There were numerous lessons learnt by the U.S. fighting machinery regarding the surprise attack by the Japanese. Some of these lessons were important to the consequent American leaders and the military intelligence. They learnt that it was essential to fasten their military or navy crews to ensure that such an attack does not occur again. It was essential since it made the Americans become more vigilant and in turn helped them improve on their war machines. They also learnt that in case of future attacks, they must fasten their military crews. This is evident when U.S. became successful in the Hiroshima and Nagasaki attack. This is why following so much deliberation, a litigious Smithsonian Institute display of the Enola Gay, the military aircraft that dropped the atomic bombs on Hiroshima and Nagasaki, was never revealed to the American population. The exhibit delineated the full story of U.S. officials' decision to drop the two atomic bombs and the short term and long term effects of the use of atomic weaponry. The bombing of Hiroshima and Nagasaki was directed towards peace, while their opponents argue that the atomic bombings brought "destruction and fear to the world."

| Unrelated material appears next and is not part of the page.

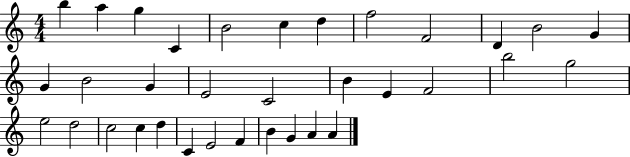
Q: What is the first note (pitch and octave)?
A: B5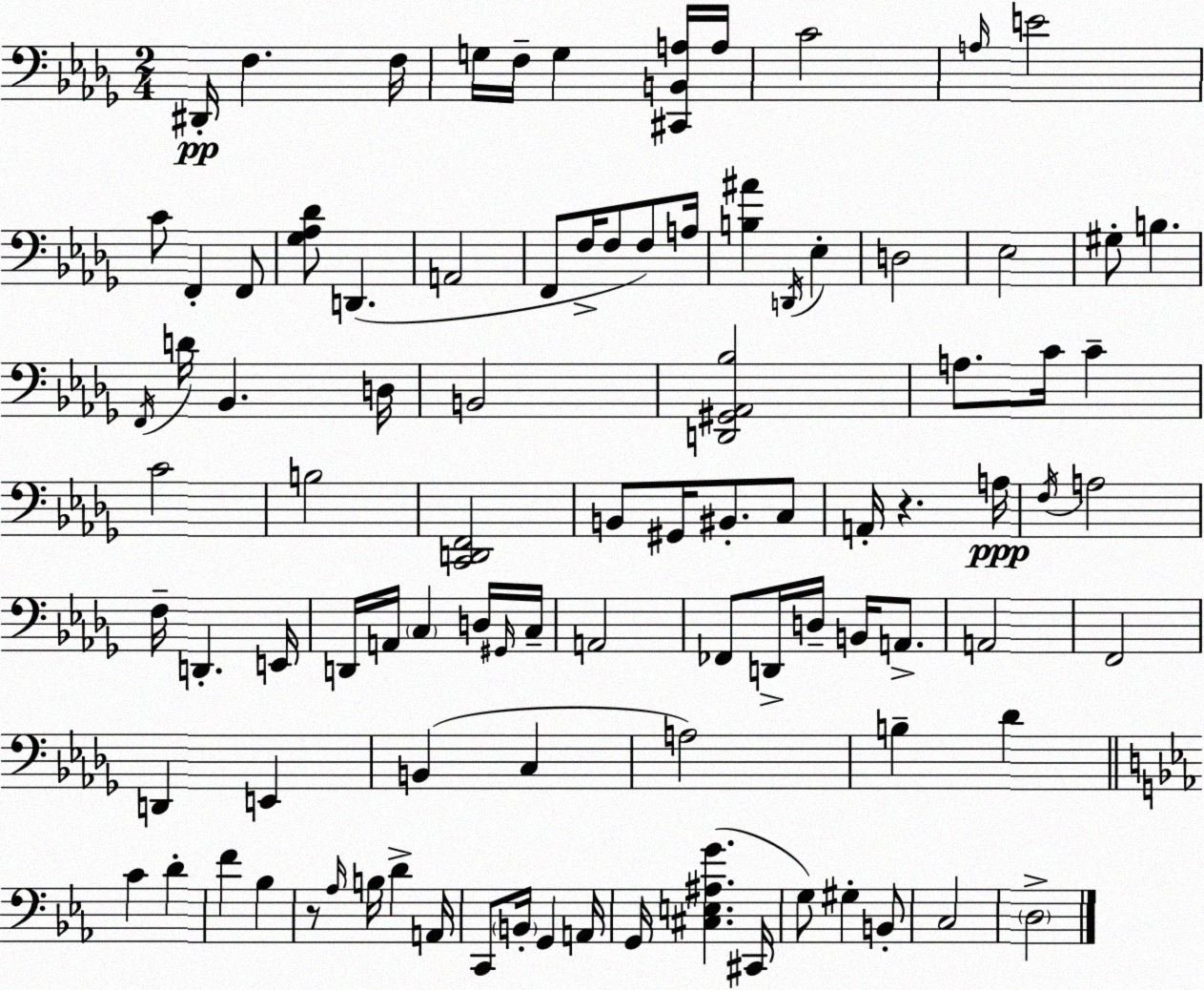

It is certain that America's initial use of atomic weapons incited an era of fear of destruction. The Cold War was a struggle between two nuclear superpowers. Both sides feared one another for their capacity to wipe out entire civilian populations with the use of their advanced nuclear weaponry. Because of this mutual fear for one's enemy, many historians contend that the heightened level of apprehension actually maintained peace between the two countries and may have in fact prevented the use of nuclear weapons. If one country was in a dominant position over its enemies, it may have been more likely for greater superpowers to use nuclear weapons more liberally. These historians also assert that the controlled use of nuclear bombs on Hiroshima and Nagasaki actually resulted in peace. This is because the atomic weapons represented such an immense danger that reprisal or the prolongation of hostilities would be self-destructive. Thus, arguing for the continuance of war after the bombings would have been indefensible.

It is clear now that the moral argument against the use of atomic weapons is inconsistent with the practical, utilitarian rationale for using nuclear arms. Albert Einstein, was a major contributor to the creation of atomic weapons, best personifies this conflict between moral perspectives and realistic scenarios.In his early career, Professor Einstein was a pacifist who admonished the development of nuclear weapons. However, as he aged, Einstein changed his view on the development and use of atomic bombs. Einstein believed that an evil that would prevent a greater evil was a sound enough argument for the use of nuclear weapons.

Conclusion

The events at Pearl Harbor played a major role in how the military and government prepared for war. Intelligence failures highlighted one of the major reasons for changes in the intelligence community. The modern Americans received stories of "The Pearl Harbor" attack in a more forceful manner as compared to any event. This was considered as a dastardly "shocker attack" and an act of "infamy", during the World War II. It is apparent that numerous efforts were made with the aim of keeping its reminiscence vivid. Numerous popular songs, posters, and other war media were staples of time of war popular culture, habitual cenotaph services were held in commemoration of the dead. The U.S. learnt numerous lessons that led them to consider seeking new strategies.